Salmon escape creates waves

Published Modified

Odd Grydeland

A dislodged shackle caused a big tear in a net pen during harvesting of Atlantic salmon at one of Mainstream's farm sites near Tofino, B.C. last week. A number of five kilogram fish escaped from the net, causing environmental groups like the Friends of Clayoquot Sound to sound the alarm; "We desperately need to transition salmon farms into closed containment facilities so industry can operate more responsibly", said Dom Repta to the Times Colonist.

Meanwhile, Mainstream explains that none of the fish may have escaped the farm site due to a small-mesh predator net that encloses the entire farm. Salmon farmers in the Clayoquot Sound area have been plagued by sea lions in recent years, and many farms have gone to the installation of a new type of "predator net", which covers the entire net pen structure from top to bottom.

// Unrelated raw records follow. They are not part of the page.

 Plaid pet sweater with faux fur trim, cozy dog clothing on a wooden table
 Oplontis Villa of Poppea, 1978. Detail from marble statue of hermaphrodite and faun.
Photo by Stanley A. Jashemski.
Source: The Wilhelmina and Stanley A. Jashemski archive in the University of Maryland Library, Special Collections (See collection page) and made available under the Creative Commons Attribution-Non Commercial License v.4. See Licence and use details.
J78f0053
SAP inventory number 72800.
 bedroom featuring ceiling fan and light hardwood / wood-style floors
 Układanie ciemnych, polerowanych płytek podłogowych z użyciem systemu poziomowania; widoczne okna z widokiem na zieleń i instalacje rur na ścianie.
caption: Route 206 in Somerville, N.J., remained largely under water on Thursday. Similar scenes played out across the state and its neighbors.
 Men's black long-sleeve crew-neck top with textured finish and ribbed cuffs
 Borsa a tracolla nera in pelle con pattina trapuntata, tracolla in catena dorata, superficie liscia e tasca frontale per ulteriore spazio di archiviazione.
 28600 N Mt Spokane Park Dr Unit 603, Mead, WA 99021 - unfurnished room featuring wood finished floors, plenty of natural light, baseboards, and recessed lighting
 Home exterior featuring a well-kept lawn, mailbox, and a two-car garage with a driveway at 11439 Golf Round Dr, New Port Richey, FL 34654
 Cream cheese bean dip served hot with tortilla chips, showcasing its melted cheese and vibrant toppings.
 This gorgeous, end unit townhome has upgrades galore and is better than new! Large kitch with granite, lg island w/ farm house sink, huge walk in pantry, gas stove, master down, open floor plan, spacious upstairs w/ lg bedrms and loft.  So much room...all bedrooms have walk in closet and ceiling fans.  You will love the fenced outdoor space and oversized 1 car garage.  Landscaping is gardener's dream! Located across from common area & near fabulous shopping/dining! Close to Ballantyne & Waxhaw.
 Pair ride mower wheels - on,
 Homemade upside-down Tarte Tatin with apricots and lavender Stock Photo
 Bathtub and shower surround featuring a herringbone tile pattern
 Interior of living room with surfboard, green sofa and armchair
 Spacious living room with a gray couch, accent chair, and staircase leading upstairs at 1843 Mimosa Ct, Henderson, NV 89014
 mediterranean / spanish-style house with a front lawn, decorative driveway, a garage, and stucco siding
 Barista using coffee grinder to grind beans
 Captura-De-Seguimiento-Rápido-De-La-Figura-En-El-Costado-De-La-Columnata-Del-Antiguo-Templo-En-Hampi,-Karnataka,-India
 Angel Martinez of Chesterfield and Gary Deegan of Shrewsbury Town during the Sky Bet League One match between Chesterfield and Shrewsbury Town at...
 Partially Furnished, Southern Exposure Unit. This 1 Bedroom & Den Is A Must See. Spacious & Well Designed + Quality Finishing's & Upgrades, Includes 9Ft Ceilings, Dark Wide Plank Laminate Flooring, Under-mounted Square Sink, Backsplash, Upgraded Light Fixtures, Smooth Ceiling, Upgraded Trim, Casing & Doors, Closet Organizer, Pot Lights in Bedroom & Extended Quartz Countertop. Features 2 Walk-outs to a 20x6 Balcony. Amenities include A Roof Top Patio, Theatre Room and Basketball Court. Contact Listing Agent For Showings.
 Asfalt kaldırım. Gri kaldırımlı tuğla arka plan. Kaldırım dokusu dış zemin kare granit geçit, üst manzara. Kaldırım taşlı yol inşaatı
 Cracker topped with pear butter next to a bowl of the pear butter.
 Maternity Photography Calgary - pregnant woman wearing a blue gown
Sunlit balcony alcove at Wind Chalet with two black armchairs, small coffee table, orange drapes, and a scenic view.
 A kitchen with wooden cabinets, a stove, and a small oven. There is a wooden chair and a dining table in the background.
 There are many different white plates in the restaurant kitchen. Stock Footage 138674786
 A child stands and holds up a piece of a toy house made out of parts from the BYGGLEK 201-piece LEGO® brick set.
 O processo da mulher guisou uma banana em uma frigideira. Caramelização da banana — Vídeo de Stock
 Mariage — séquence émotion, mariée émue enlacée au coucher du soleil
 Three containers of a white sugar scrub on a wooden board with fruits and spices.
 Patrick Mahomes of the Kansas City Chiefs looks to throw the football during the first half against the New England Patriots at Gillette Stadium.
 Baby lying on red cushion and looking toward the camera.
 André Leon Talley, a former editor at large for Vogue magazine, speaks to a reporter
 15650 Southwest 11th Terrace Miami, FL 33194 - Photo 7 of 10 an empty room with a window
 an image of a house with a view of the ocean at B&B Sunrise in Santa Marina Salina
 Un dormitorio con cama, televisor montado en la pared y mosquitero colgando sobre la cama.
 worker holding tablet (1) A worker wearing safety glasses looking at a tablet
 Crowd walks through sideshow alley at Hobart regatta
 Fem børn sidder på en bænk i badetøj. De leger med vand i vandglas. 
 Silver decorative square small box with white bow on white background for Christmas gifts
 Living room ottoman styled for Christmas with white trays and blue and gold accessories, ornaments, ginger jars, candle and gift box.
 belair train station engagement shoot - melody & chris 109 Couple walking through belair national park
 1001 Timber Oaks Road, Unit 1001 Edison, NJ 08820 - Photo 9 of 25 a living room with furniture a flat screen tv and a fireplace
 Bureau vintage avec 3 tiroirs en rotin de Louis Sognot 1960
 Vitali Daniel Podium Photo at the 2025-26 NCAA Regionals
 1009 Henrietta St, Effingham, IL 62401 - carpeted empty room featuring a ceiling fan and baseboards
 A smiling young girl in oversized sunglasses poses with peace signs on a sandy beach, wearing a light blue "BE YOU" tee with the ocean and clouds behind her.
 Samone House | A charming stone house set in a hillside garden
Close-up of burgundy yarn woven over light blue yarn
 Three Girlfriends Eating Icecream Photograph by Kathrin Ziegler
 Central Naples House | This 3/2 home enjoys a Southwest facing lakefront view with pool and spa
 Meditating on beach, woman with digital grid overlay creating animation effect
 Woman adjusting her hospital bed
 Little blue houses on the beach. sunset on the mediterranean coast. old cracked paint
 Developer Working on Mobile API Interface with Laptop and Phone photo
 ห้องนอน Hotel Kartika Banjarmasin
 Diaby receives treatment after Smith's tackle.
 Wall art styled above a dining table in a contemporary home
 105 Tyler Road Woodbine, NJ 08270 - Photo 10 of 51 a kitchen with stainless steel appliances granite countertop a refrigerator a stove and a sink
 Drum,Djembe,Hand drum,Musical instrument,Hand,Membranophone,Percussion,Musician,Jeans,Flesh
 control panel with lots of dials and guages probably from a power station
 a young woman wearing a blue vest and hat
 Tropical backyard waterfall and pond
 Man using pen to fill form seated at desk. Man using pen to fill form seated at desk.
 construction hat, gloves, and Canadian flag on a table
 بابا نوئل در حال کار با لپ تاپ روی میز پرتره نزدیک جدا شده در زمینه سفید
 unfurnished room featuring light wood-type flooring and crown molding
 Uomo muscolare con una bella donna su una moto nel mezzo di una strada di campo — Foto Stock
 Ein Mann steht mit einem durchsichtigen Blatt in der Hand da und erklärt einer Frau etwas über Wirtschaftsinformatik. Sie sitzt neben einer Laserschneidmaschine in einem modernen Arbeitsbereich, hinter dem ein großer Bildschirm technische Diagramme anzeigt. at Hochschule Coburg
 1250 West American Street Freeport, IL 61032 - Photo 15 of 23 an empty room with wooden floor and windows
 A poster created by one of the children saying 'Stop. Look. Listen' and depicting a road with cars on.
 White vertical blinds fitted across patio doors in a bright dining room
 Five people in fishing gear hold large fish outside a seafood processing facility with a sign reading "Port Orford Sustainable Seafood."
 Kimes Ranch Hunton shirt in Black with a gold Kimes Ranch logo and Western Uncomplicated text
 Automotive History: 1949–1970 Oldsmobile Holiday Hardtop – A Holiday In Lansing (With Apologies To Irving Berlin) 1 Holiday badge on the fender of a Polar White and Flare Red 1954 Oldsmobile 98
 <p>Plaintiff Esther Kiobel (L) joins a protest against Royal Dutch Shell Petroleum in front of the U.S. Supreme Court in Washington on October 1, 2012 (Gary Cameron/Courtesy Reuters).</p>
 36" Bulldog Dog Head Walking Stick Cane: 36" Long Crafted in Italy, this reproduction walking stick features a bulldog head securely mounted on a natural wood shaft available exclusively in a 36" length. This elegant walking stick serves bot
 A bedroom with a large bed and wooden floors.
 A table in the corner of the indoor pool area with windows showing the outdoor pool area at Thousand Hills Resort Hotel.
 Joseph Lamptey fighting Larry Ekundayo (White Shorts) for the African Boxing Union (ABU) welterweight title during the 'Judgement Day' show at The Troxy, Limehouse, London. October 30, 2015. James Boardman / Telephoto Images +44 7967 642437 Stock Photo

Historically, these predator nets have been made of large mesh nylon netting (8-10 inch square), but due to concerns about entanglement of sea lions in this type of webbing, fish farmers have recently begun to change their predator nets to smaller mesh netting- in this case nets of 2 inch square (5 cm x 5 cm) size.

Some 8,5 million Atlantic salmon have been deliberately released into B.C. waters in an attempt to establish this salmon for sport fishing enjoyment, and another two million have escaped from salmon farms in B.C. and Washington. There is no evidence of Atlantic salmon establishing viable populations anywhere in the Pacific Northwest. And Atlantic salmon can not interbreed with any of the five species of Pacific salmon.